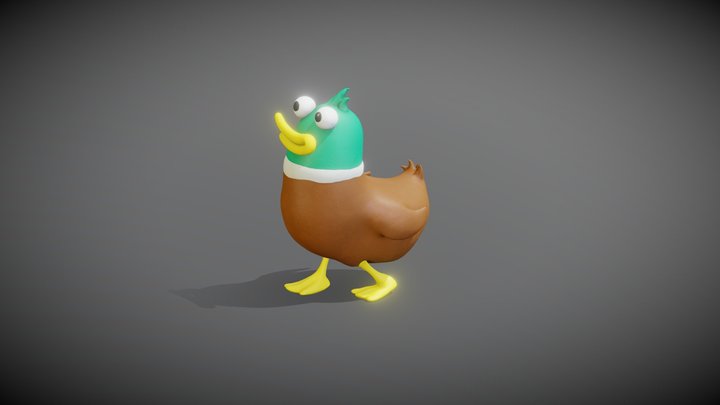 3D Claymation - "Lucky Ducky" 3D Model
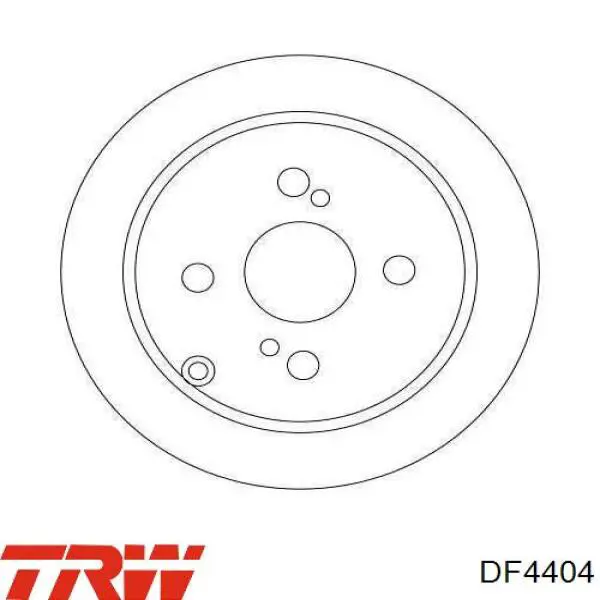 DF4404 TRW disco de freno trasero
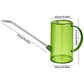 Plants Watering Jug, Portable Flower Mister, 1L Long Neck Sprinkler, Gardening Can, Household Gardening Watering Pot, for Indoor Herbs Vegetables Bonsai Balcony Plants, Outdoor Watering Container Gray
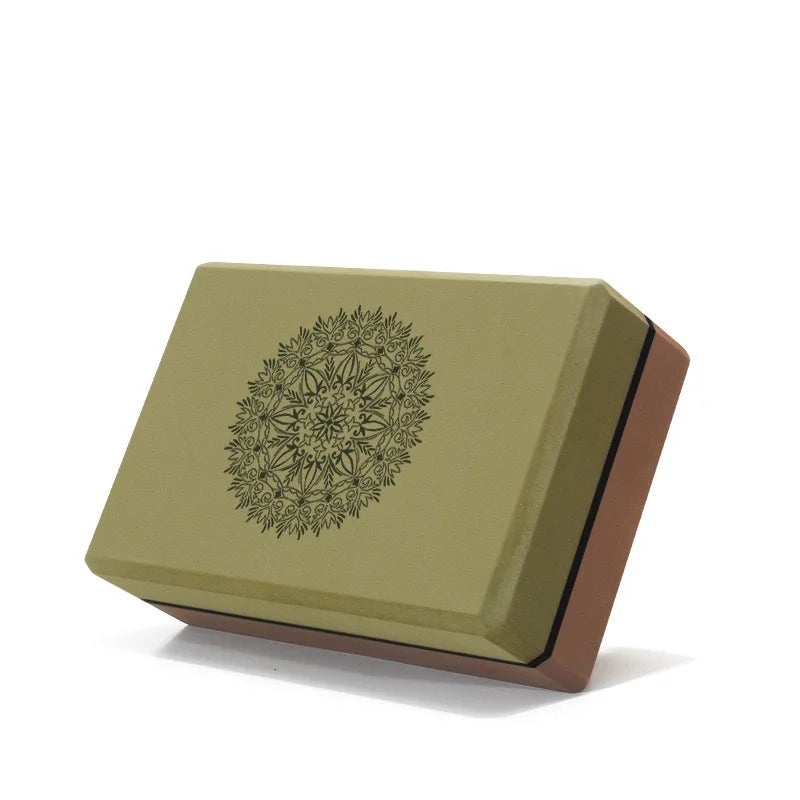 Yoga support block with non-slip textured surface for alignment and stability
· · · ·
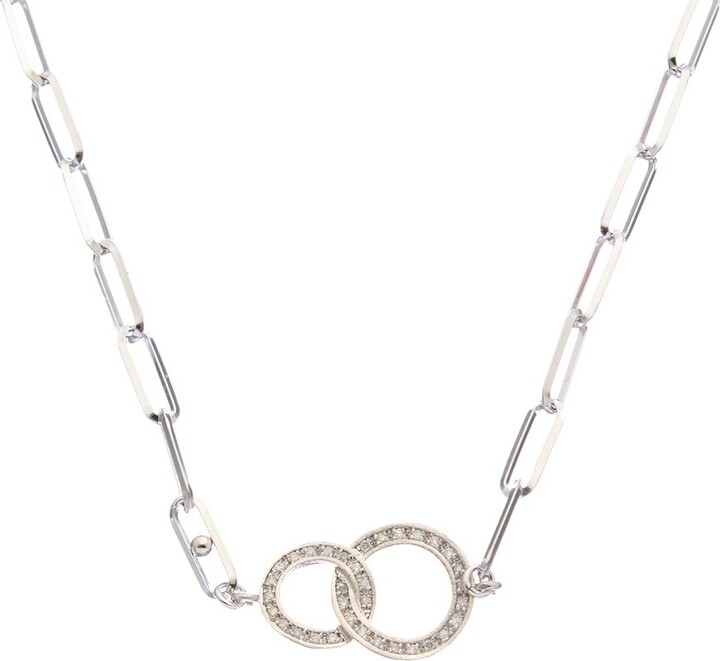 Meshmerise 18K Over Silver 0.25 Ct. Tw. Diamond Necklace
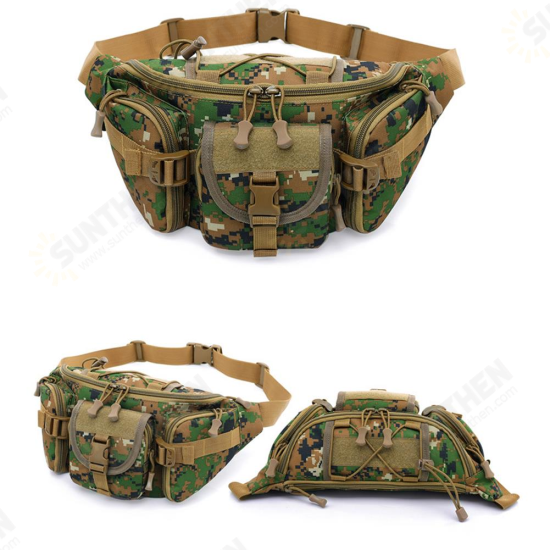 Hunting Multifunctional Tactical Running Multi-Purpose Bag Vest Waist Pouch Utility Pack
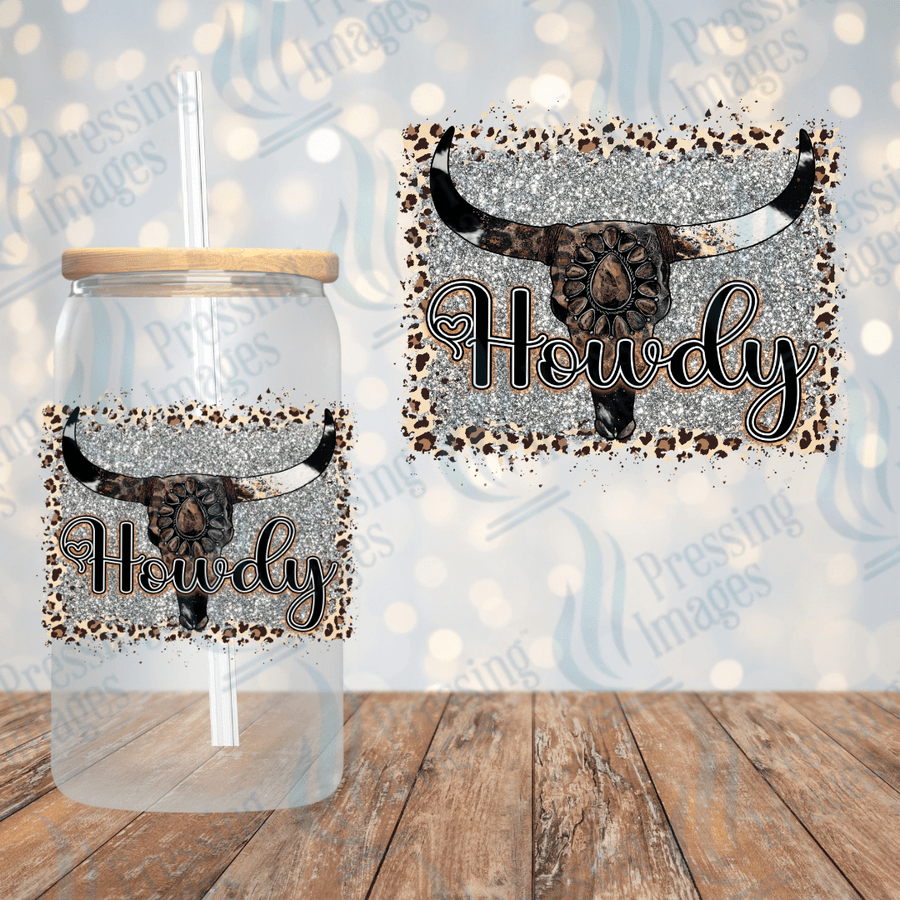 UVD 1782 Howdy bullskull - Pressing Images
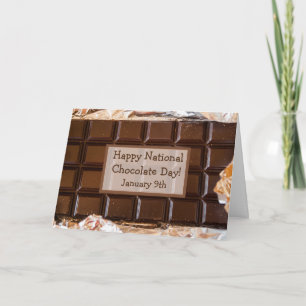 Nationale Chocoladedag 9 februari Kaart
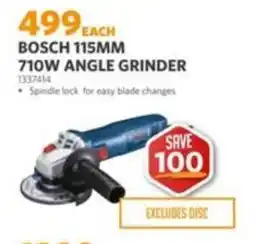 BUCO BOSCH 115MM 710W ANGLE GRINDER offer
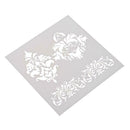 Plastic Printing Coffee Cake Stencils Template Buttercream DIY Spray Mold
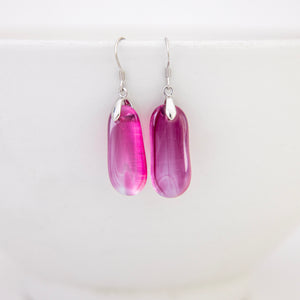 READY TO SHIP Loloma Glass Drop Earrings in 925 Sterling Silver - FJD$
· · · ·
Task details:
Transcribe, word for word, the stretch of lines in the data above from the one with "UVD 1782 Howdy bullskull - Pressing Images" through the one with "READY TO SHIP"; omit all pictures.

Task response:
 UVD 1782 Howdy bullskull - Pressing Images
 Nationale Chocoladedag 9 februari Kaart
 BUCO BOSCH 115MM 710W ANGLE GRINDER offer
 Plastic Printing Coffee Cake Stencils Template Buttercream DIY Spray Mold
 READY TO SHIP Loloma Glass Drop Earrings in 925 Sterling Silver - FJD$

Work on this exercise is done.